ARTICLE IN “AMUDASURABHI” MAGAZINE


Anuradha Kannan of Podhigai TV fame recently authored an article for the reputed Tamil Magazine AMUDASURABHI titled “Karuviyum Kalaingargalum,” featuring various carnatic artists and their relationship with the instrument they played. We were asked to write about our bonding (more appropriately, obsession!) with our veenas. Given below is our writeup in English from which has Anuradha interpreted the piece for the article.

VEENA AND US

Ever since we remember, music has been a part and parcel of our lives. During the impressionable stage of our lives, we had been exposed to music steeped in aesthetics and classicism.

Veena has had a revered place in our families and hence it was no surprise that we decided to take up the instrument as a vehicle for our musical expression.

Due credit should go to our revered teachers who have given us a completely unique perspective of the mother of all instruments – the Veena.

To us this instrument has ceased being an inanimate object for long. It is our best friend and it actually “talks” to us every day. It seeks constant pampering. If we fail to practice for a day, there is a sense of discomfort when we play on the instrument the next day. It feels as if the instrument seeks not to respond to our touch!! It needs coaxing and cajoling before it starts responding.

However when we are stressed or troubled, it is our Veena that we turn to. During such times of distress, playing the Veena gives us a lot of comfort and restores equanimity and peace. Surprisingly, under such stressful conditions, it is our friend that sympathizes with us; it needs no coaxing at that point. Playing the Veena becomes a completely de-stressing activity and the environment is filled with positive energy.

When you have such a friend, one would like to increase its tribe. Not surprisingly we have acquired a number of Veenas over the years, and many of these acquisitions can be aptly described as “impulsive”. But we have no regrets in indulging in such an impulsive act!!

Each instrument that we have is very, very special. Our music room is filled with a variety of Veenas, mostly the Tanjore variety. We have indeed built a family of Veenas.

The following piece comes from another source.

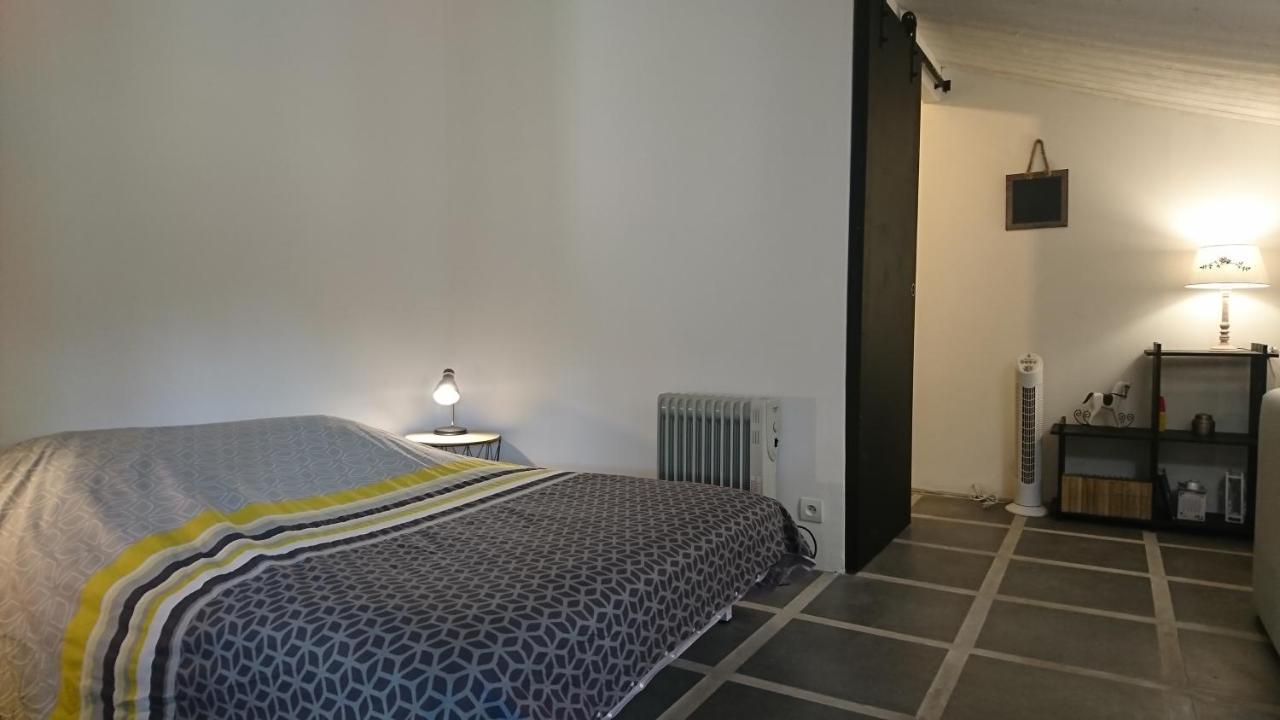 Les Chambres Du Vau Profond Vernoil Eksteriør bilde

There is one particular Veena that was presented by a music connoisseur for a token amount of Re 1. It is a Tanjore Veena and is more than a century old. It is embedded with ivory strips and the Veena has a unique tonal quality of its own. We are very partial towards this instrument and do not encourage anyone to touch the same. It is only available as a visual treat. Such is our attachment to Veenas that our possessiveness leaves our kith and kin, often, a trifle embarrassed!!

The need for enhanced sound and portability made us look to avenues whereby we could use electronics in a more purposeful manner. In this endeavor, we found great enterprise in Radel Electronics, who have created the Sunadavinodini, an electronic and portable version of the Saraswathi Veena. We have been using this instrument for our concerts in India and abroad. The public response has been very positive and we have had a number of impromptu Q&A sessions on this with members of the audience, particularly from the overseas communities.

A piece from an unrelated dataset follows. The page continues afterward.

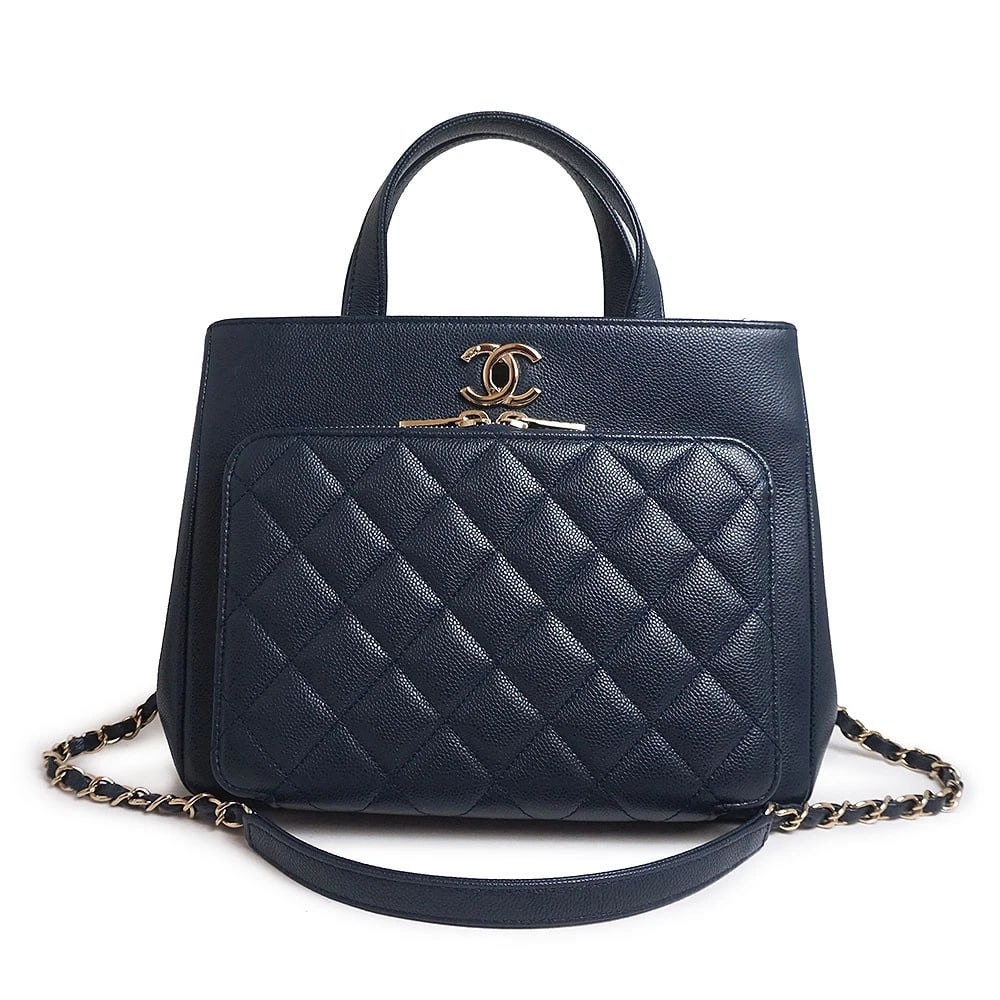 CHANEL AFFINITY SMALL CC MATELASSÉ NAVY: CHANEL Affinity Small CC Matelassé Navy Brand: CHANEL Type: Handbag Material: Caviar Skin Color: Navy Size: W: 26.5cm x H: 20cm x D: 13cm Handle: 26cm Accessories: None Accessories Notice:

However, when we play in solitude in our prayer room we use the original acoustic veena(without the contact mike) but for a concert, as professionals it is our duty to ensure that the clarity and volume of sound reaches every nook and corner of the auditorium and for us the electronic veena has been a boon.

Though we keep indulging in our hobby of collecting veena there are some identified ones which are handled specifically by one of us. They are more a personal possession and are seldom used by the other – not even during practice. This brings more familiarity to the instrument. We are not comfortable with outsiders touching or playing our instruments but we do make an exception for our own students and allow them to play on some of our Veenas especially during concert engagements.

Our Veenas are our treasure. There is an inextricable bond. Veenas, by design, are very fragile and one needs to spend a lot of time and care in keeping them clean and in perfect tune. They demand a unique sense of responsibility from you. Not a single day goes by without our realizing how much our veena has enriched our life, right from bringing us together as life partners, to giving us the opportunity to serve the cause of Carnatic music in our own small way. It thus goes without saying that our Veenas are and will always remain our best friends forever.